Wang Tingting, Chen Yi-Ping Phoebe, Bowman Phil J, Goddard Michael E, Hayes Ben J
School of Engineering and Mathematical Sciences, La Trobe University, Melbourne, VIC, Australia.
Biosciences Research, Department of Economic Development, Jobs, Transport and Resources, Bundoora, Melbourne, VIC, Australia.
BMC Genomics. 2016 Sep 21;17(1):744. doi: 10.1186/s12864-016-3082-7.
Bayesian mixture models in which the effects of SNP are assumed to come from normal distributions with different variances are attractive for simultaneous genomic prediction and QTL mapping. These models are usually implemented with Monte Carlo Markov Chain (MCMC) sampling, which requires long compute times with large genomic data sets. Here, we present an efficient approach (termed HyB_BR), which is a hybrid of an Expectation-Maximisation algorithm, followed by a limited number of MCMC without the requirement for burn-in.
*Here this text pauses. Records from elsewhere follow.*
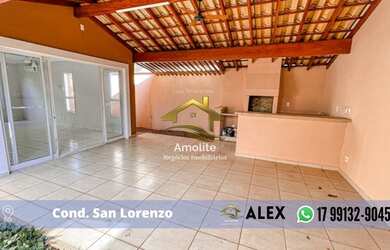 Imagem 16: CASA CONDOMÍNIO SAN LORENZO EM SÃO JOSÉ DO RIO PRETO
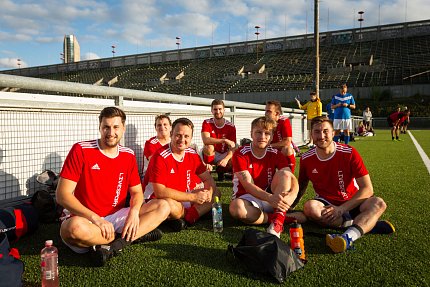 15. ročník benefičního turnaje v malé kopané Sue Ryder Charity Cup je za námi!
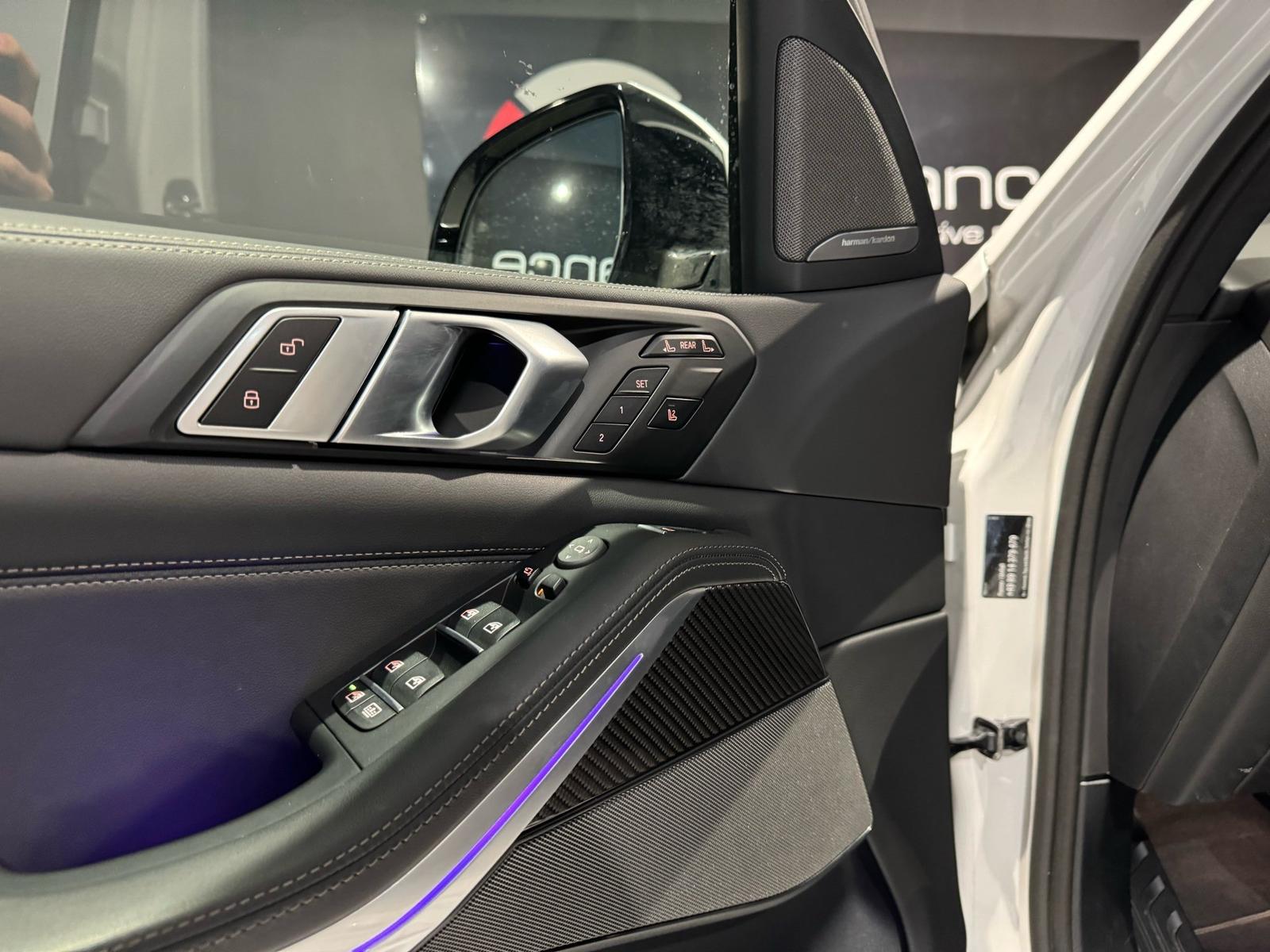 BMW X7 xDrive40d M Sport Pro "22" – 15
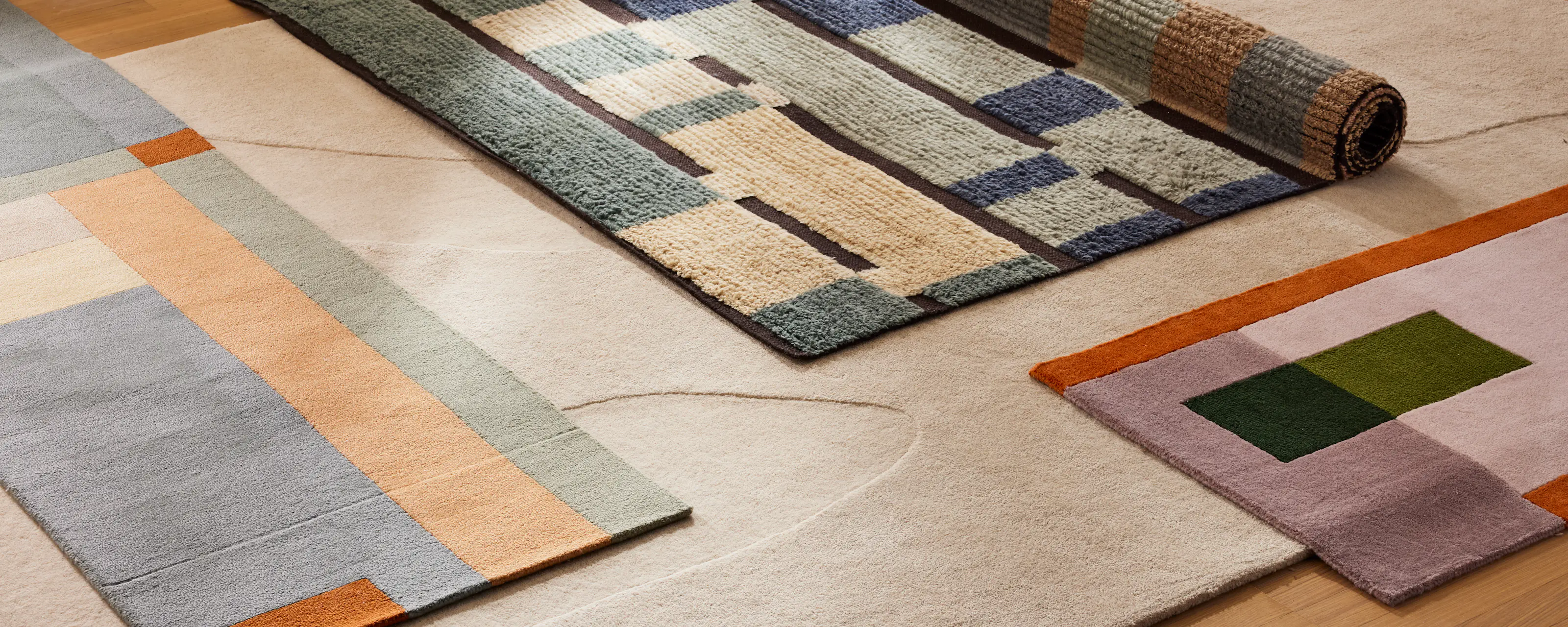 Modern Rug Patterns & Styles – Design Within Reach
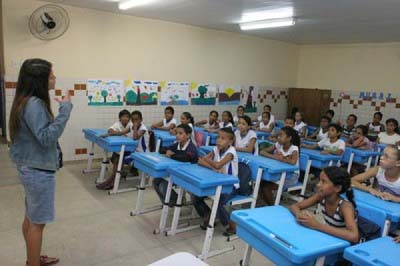 Educação abre seleção com 641 vagas de monitores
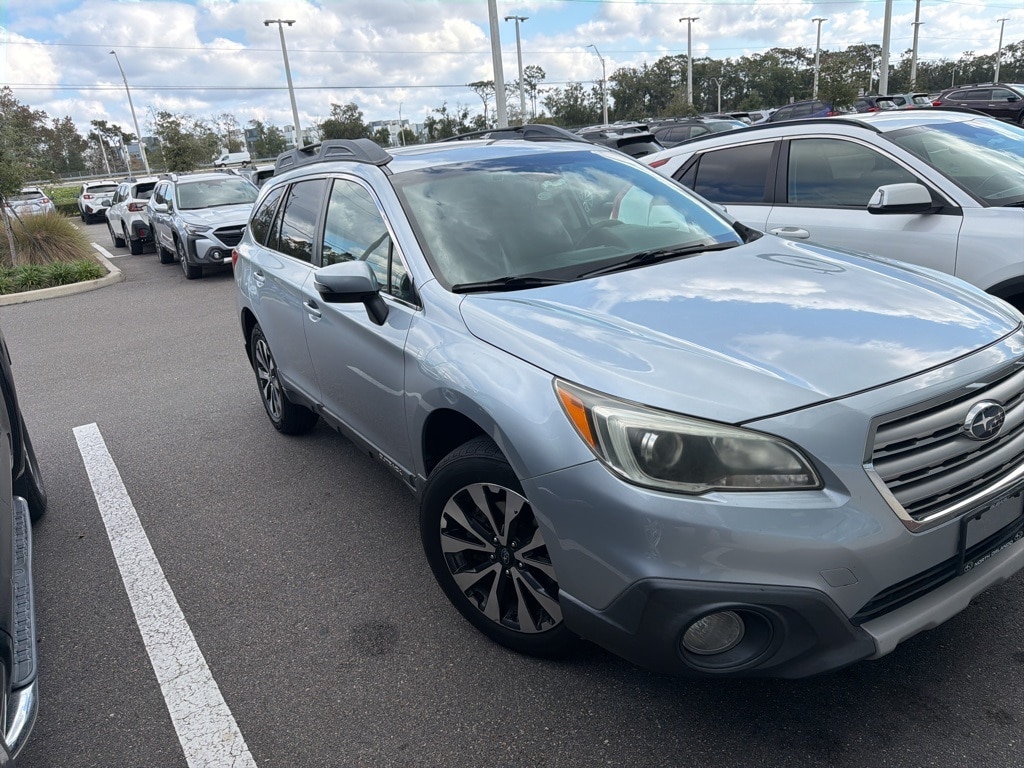 Used 2016 Subaru Outback 3.6R Limited SUV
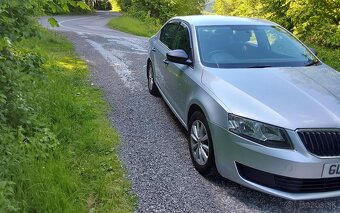 Skoda otavia 1.6 tdi 77 kw iDovoz GB - 4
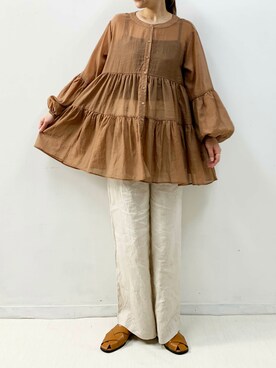 PICCIN PRESSさんのコーディネート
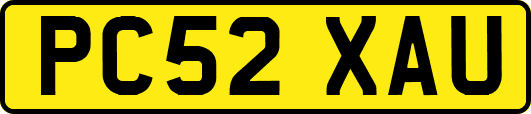 PC52XAU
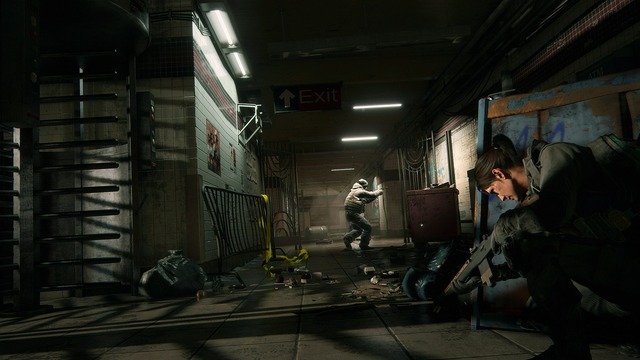ユービーアイの新作『ディビジョン』新トレイラー公開、発売時期は2016年春へ延期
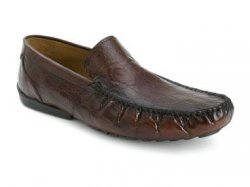 Mezlan "Romanza" Sport All Over Genuine Crocodile Shoes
To test prediction accuracy from HyB_BR, dairy cattle and human disease trait data were used. In the dairy cattle data, there were four quantitative traits (milk volume, protein kg, fat% in milk and fertility) measured in 16,214 cattle from two breeds genotyped for 632,002 SNPs. Validation of genomic predictions was in a subset of cattle either from the reference set or in animals from a third breeds that were not in the reference set. In all cases, HyB_BR gave almost identical accuracies to Bayesian mixture models implemented with full MCMC, however computational time was reduced by up to 1/17 of that required by full MCMC. The SNPs with high posterior probability of a non-zero effect were also very similar between full MCMC and HyB_BR, with several known genes affecting milk production in this category, as well as some novel genes. HyB_BR was also applied to seven human diseases with 4890 individuals genotyped for around 300 K SNPs in a case/control design, from the Welcome Trust Case Control Consortium (WTCCC). In this data set, the results demonstrated again that HyB_BR performed as well as Bayesian mixture models with full MCMC for genomic predictions and genetic architecture inference while reducing the computational time from 45 h with full MCMC to 3 h with HyB_BR.
The results for quantitative traits in cattle and disease in humans demonstrate that HyB_BR can perform equally well as Bayesian mixture models implemented with full MCMC in terms of prediction accuracy, but with up to 17 times faster than the full MCMC implementations. The HyB_BR algorithm makes simultaneous genomic prediction, QTL mapping and inference of genetic architecture feasible in large genomic data sets.
贝叶斯混合模型假定单核苷酸多态性(SNP)的效应来自具有不同方差的正态分布,对于同时进行基因组预测和数量性状基因座(QTL)定位很有吸引力。这些模型通常通过蒙特卡洛马尔可夫链(MCMC)采样来实现,对于大型基因组数据集而言,这需要很长的计算时间。在此,我们提出一种高效方法(称为HyB_BR),它是期望最大化算法的一种混合方法,随后进行有限次数的MCMC,且无需进行预烧。
为了测试HyB_BR的预测准确性,使用了奶牛和人类疾病性状数据。在奶牛数据中,对来自两个品种的16214头奶牛测量了四个数量性状(产奶量、蛋白质千克数、乳脂率和繁殖力),这些奶牛针对632002个SNP进行了基因分型。基因组预测的验证在来自参考集的一部分奶牛中进行,或者在未包含在参考集中的第三个品种的动物中进行。在所有情况下,HyB_BR给出的准确性与使用完整MCMC实现的贝叶斯混合模型几乎相同,然而计算时间减少到完整MCMC所需时间的1/17。在完整MCMC和HyB_BR之间,具有非零效应的高后验概率的SNP也非常相似,在这一类别中有几个影响产奶的已知基因以及一些新基因。HyB_BR还应用于来自威康信托病例对照协会(WTCCC)的病例/对照设计中的七种人类疾病,该设计对4890名个体针对约30万个SNP进行了基因分型。在这个数据集中,结果再次表明,在基因组预测和遗传结构推断方面,HyB_BR的表现与使用完整MCMC的贝叶斯混合模型一样好,同时将计算时间从完整MCMC的45小时减少到HyB_BR的3小时。
奶牛数量性状和人类疾病的结果表明,在预测准确性方面,HyB_BR的表现与使用完整MCMC实现的贝叶斯混合模型一样好,但速度比完整MCMC实现快17倍。HyB_BR算法使得在大型基因组数据集中同时进行基因组预测、QTL定位和遗传结构推断成为可能。